Quentin Tarantino, ne kadar muhteşem bir yönetmen olduğu gerçeği bir yana, Akademi tarafından fazla sevilmeyen bir yönetmen olduğundan ödüle aday gösterilmesini bile bir mucize olarak algılamalı. 1994 yılında hem En İyi Yönetmen, hem de (Oscar'ı kazandığı) En İyi Orijinal Senaryo dalında aday olduğu "Pulp Fiction"dan beri Akademi'nin beğenisini kazanamayan Tarantino, bu yıl da aynı iki dalda "Inglourious Basterds" ile aday. 46 yaşındaki yönetmen, umarız ki bundan sonraki filmleri ile Akademi'nin ilgisini daha yoğun bir şekilde çekmeyi başarabilir.

Yarıştaki figüranlardan ilki, henüz 32 yaşında olmasına rağmen 2. ve 3. Oscar adaylığını elde eden Jason Reitman. "Up in the Air" ile hem bu kategoride, hem de muhtemelen kazanacağı En İyi Uyarlama Senaryo kategorisinde aday olan Reitman, ilk En İyi Yönetmen adaylığını 2007'de "Juno" ile almış ve bu kategoride aday olan en genç isimlerden biri olarak Akademi tarihine adını yazdırmıştı. "Up in the Air"de tarzını koruyan ve sağlam adımlarla ilerlediğini gösteren yönetmene ileriki kariyerinde başrılar diliyor ve sadece twitter takipçisi olarak değil filmlerinin takipçisi olarak da arkasında olduğumu belirtiyorum. (Çok da umrundaydı ya.)

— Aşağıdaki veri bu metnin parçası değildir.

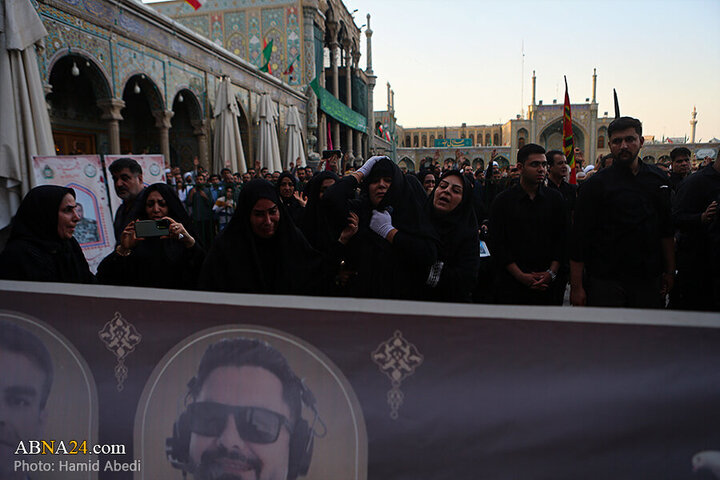 Informe fotográfico |  Ceremonia fúnebre de 8 mártires iraníes tras ataques del régimen sionista en Qom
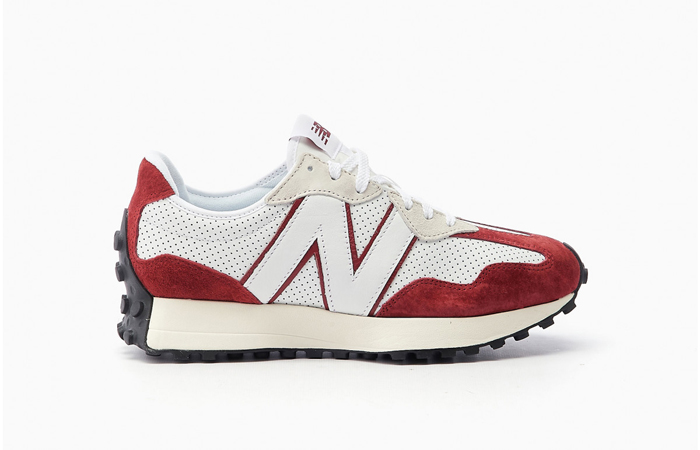 New Balance 327 Perforated Pack White Red MS327PE 03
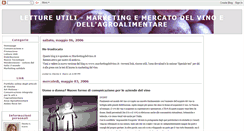 Desktop Screenshot of marketingdelvino-lettureutili.blogspot.com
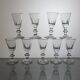 9 verres digestif en cristal Forme Baccarat Caton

Şansı sıfıra oldukça yakın olan son adayımız ise "Precious" ile başarılı bir çıkış yapan ve Amerikan Bağımsız Film Ödülleri'nde hem En İyi Film, hem de En İyi Yönetmen ödüllerini kazanan Lee Daniels. 50 yaşındaki yönetmen, hikaye anlatımı ve tercihleriyle beni etkileyemedi filmi ile. Bu hislerin sadece bana ait olmadığını düşünüyorum, çünkü Altın Küre adayları arasında Clint Eastwood, BAFTA adayları arasında da Lone Scherfig, Daniels'ın yerine aday gösterilmişti.